Со временем он стал без всякого страха поглядывать на статую музы на фронтоне театра. Ее имя стало легко выговариваться — Мельпомена.

Как-то перед Первомайскими праздниками театр решил помыть музу, ее засиженные голубями плечи и лавровый венок, который она задирала высоко к небу. Дядя Федя взял с собой двух рабочих сцены, ребят-студентов, и полез с ними на крышу. Студентам приказал держать приставленную к спине музы лестницу, а сам взял ведро с водой, щетку и двинулся вверх. На середине лестницы он весело оглянулся на ребят, перегнулся и по-хозяйски похлопал Мельпомену по гипсовому заду широкой ладонью.

— Такая ж баба, как и все.

Сейчас дядя Федя никак не мог разглядеть в темноте, где сидит главный режиссер.

— Константин Ефимович, где вы? — наконец спросил он. — Нечем натягивать задники. Мешочки с песком попрорывались. Я велел их отдать на зашивку.

Дядя Федя нагибался в сторону прохода, туда, где вырисовывались очертания маленького столика, на котором белела большая фарфоровая чашка с кофе. Но голос режиссера обрушился на него откуда-то справа: не то из второго, не то из третьего ряда, потому что Константин Ефимыч во время работы не мог усидеть на одном месте. Он рысцой бегал между рядами по всему зрительному залу, то прячась в амфитеатре под навесом балконов, то вдруг устремляясь к оркестровой яме, то забираясь на средние места, с трудом протискивая свой живот между креслами. Сейчас в его голосе жили уже не три-четыре вороны, а все десять и все разом каркнули:

— Это вас надо отдать на зашивку. Если вам мало двух минут, возьмите пять, десять, два часа, два года, черт возьми, но сделайте так, как я просил!

Дядю Федю сдуло со сиены. Константин Ефимович шумно перебрался в проход за свой столик, грузно уселся, отхлебнул из чашки глоток черного кофе. Пошарил по карманам, вытащил папиросы и спички и положил все это на край столика.

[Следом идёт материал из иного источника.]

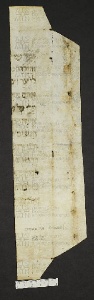 Pergamene ebraiche ACMO 1-103, App. 1-3 - pag. 18.2a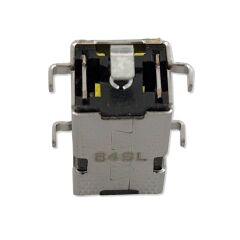 Lenovo ideapad 100-15IBD, 80QQ, B50-50, 80S2, 100-14IBD, 80RK Dc Power Jack Dc Jack soket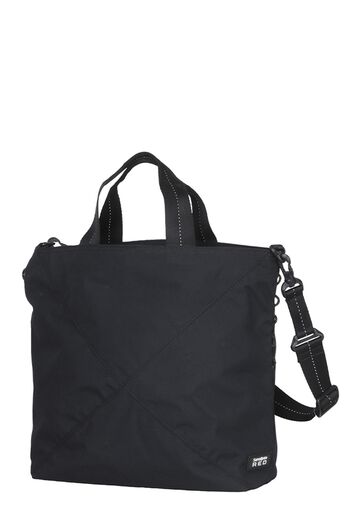 エクスサック スタンダード ツーウェイトートバッグ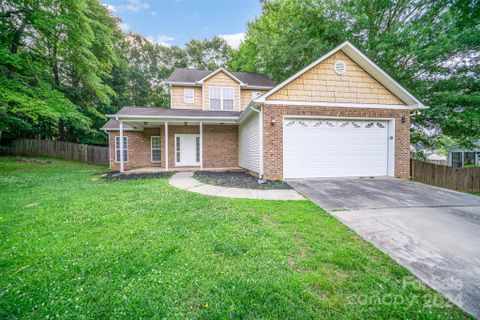 2920 Rainwater Court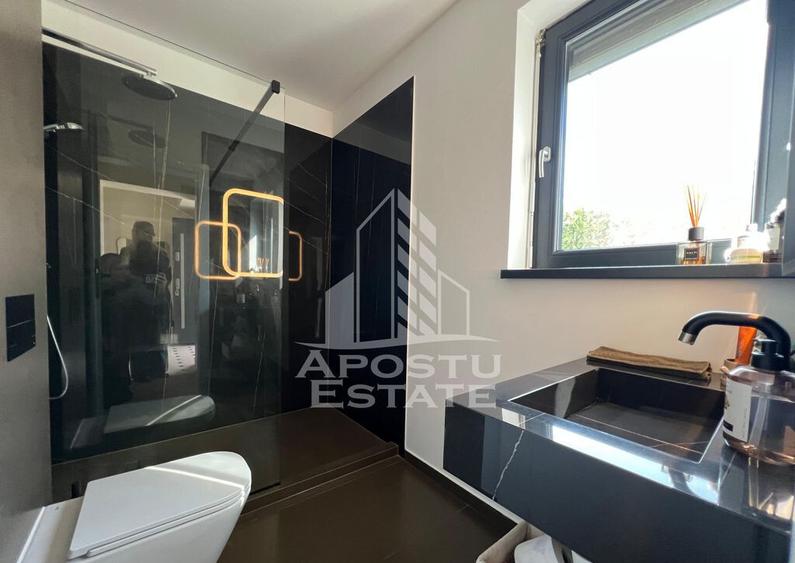 Duplex modern de lux in Dumbravita, langa Parcul Terra - 3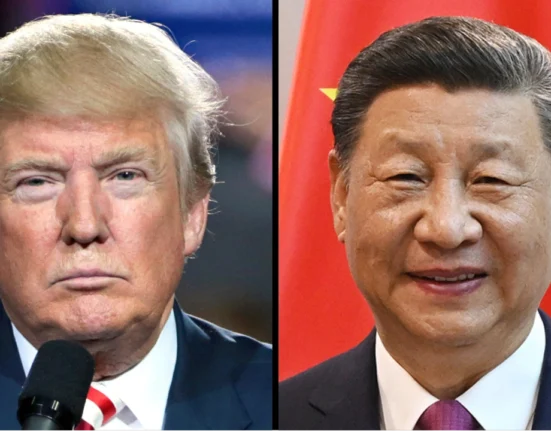 China’s Xi Jinping says no to attending Trump’s inauguration. As he should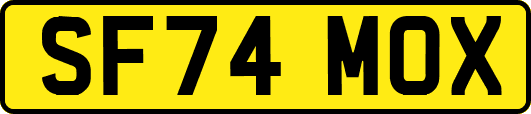 SF74MOX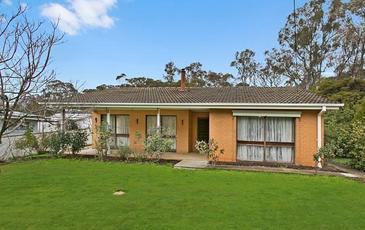 130 Victoria Road, Harcourt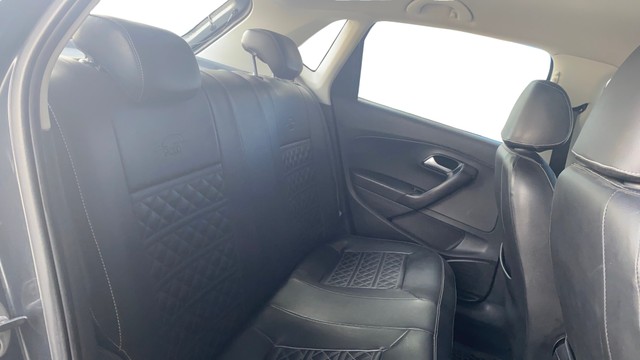 Second-hand 2019 Volkswagen Polo GT TSI for sale in Jaipur-16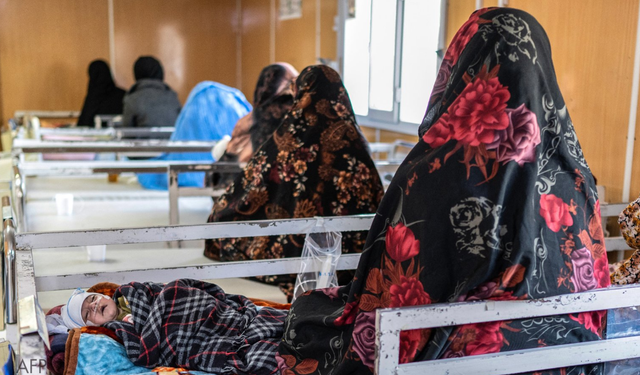 Pakistan–Afganistan Hattında “Açık Savaş” Gerilimi. ABD Pakistan’ın “Kendini Savunma Hakkını” Destekledi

В зрительном зале и во всех трех ярусах водворилась тишина. Слышно было только, как дядя Федя, где-то далеко за сиеной, шепотом гоняет своих нерасторопных помощников.

В бельэтаже скрипнуло кресло. Режиссер недовольно повернул голову.

— Анна Ивановна, я же просил никого не пускать на репетицию.

— Никого и нет, — откуда-то сверху послышался робкий голос Анны Ивановны, — все двери на всех этажах замкнуты, а ключи у меня.